[16]
Hampir seminggu gue enggak kerja dan selama gue habiskan waktu di rumah, Ibu menghindari gue. Kentara banget soalnya. Mungkin campuran malu dan belum ingin menceritakan hal yang beliau sembunyikan makanya Ibu enggak pernah lama bicara sama gue. Biasanya juga menggosip bersama, kok.
Saat memergoki dirinya menangis dan terdengar mengadu pada Ayah, gue memang enggak bertanya, sih. Hanya saja, gue yakin banget Ibu memilih melengos pergi karena enggak mau gue interogasi. Malah bikin makin curiga, kan?
Ya .. sudah lah. Bertanya sama Ayah pun percuma banget. Dia malah bilang, "Fokus sembuhkan kakinya dulu, Rin."
Mereka berdua memang sejoli sehidup seperahasiaan, ya.
Walau suntuk di rumah enggak bisa berbuat banyak, paling enggak ada hal berguna yang bisa gue lakukan. Dibantu Ayah dan beberapa orang karang taruna, gue nguras akuarium. Yah ... gue cuma beri perintah dan menyiapkan bahan-bahannya saja, sih.
Membeli beberapa batu koral dan anemon baru, pun menambah koleksi karena gue sengaja saat bikin akuariumnya sekalian yang besar.
Itu saja sudah membuat gue kelelahan, mungkin karena belum bisa banyak bergerak bebas dan ternyata setelah beberapa hari gue baru merasakan sakit yang cukup mengganggu di bagian siku. Kadang aku berpikir, apa gue memang benar seperti Valentino Rosi saat jatuh minggu lalu?
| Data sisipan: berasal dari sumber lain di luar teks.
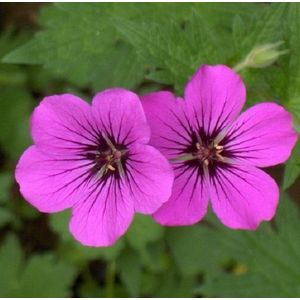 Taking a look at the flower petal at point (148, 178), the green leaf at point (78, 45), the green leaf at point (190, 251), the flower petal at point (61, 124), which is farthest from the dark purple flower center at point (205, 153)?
the green leaf at point (190, 251)

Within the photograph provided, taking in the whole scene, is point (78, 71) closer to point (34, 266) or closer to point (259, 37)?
point (259, 37)

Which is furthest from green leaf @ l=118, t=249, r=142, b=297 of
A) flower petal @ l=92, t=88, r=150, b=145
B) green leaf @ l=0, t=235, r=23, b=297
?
flower petal @ l=92, t=88, r=150, b=145

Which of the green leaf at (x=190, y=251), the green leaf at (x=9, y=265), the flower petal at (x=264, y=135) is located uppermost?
the flower petal at (x=264, y=135)

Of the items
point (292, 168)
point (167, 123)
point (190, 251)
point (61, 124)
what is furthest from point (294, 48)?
point (190, 251)

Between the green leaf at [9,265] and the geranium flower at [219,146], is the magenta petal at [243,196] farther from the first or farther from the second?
the green leaf at [9,265]

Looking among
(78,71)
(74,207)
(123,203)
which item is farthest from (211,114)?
(78,71)

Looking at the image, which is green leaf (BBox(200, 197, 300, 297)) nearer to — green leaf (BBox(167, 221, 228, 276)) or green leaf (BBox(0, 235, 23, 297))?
green leaf (BBox(167, 221, 228, 276))

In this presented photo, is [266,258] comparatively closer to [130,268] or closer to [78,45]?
[130,268] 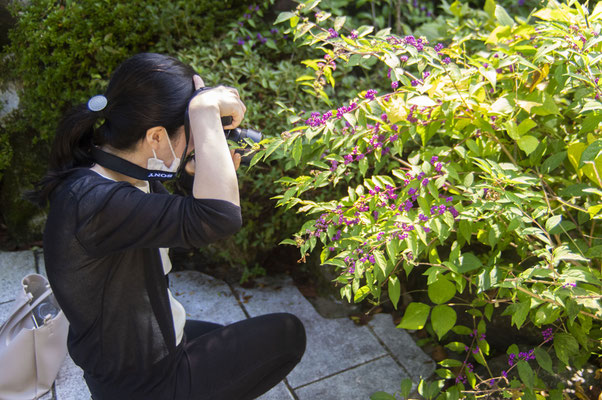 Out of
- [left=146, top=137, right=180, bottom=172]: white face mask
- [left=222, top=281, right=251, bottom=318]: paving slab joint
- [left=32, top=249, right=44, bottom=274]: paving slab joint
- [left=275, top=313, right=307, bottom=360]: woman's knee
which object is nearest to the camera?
[left=146, top=137, right=180, bottom=172]: white face mask

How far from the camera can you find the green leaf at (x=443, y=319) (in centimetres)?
195

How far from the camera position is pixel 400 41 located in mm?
1854

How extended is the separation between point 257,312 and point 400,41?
1768mm

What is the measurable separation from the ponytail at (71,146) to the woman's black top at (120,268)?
0.08 m

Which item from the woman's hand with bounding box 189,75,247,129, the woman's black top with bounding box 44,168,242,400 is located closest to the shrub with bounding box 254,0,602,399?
the woman's hand with bounding box 189,75,247,129

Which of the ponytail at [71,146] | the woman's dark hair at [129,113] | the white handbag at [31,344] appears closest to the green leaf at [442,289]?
the woman's dark hair at [129,113]

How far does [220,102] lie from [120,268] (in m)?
0.63

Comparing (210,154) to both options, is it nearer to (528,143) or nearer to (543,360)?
(528,143)

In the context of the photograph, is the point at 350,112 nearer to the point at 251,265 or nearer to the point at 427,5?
the point at 251,265

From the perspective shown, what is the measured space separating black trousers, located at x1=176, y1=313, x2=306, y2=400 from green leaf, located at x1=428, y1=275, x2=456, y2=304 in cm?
59

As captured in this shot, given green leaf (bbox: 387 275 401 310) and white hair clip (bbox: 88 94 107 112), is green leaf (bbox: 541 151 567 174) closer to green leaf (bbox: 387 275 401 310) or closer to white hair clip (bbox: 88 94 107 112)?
green leaf (bbox: 387 275 401 310)

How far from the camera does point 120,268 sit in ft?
5.73

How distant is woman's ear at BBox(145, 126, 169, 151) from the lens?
172cm

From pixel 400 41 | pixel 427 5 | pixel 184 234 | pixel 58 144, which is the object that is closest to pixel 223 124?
pixel 184 234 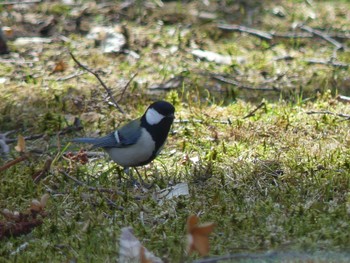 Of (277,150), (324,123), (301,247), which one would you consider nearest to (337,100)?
(324,123)

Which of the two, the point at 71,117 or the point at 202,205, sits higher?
the point at 202,205

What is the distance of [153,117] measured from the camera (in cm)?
454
"Rin, nanti Ayah dan Ibu mau pergi. Kamu ada yang mau dititip enggak?"
Gue mendongak dari asyiknya berselancar di media sosial. Urus akuarium gue sudah beres setengah jam lalu. Untuk anak karang taruna yang heboh membersihkan benda kaca besar yang menempel di dinding rumah dekat taman, gue beri seorang seratus ribu. Lumayan kata mereka buat jajan dan merokok. Gue meringis saja.
"Enggak, Yah. Ibu sudah masak ini, perut aku aman."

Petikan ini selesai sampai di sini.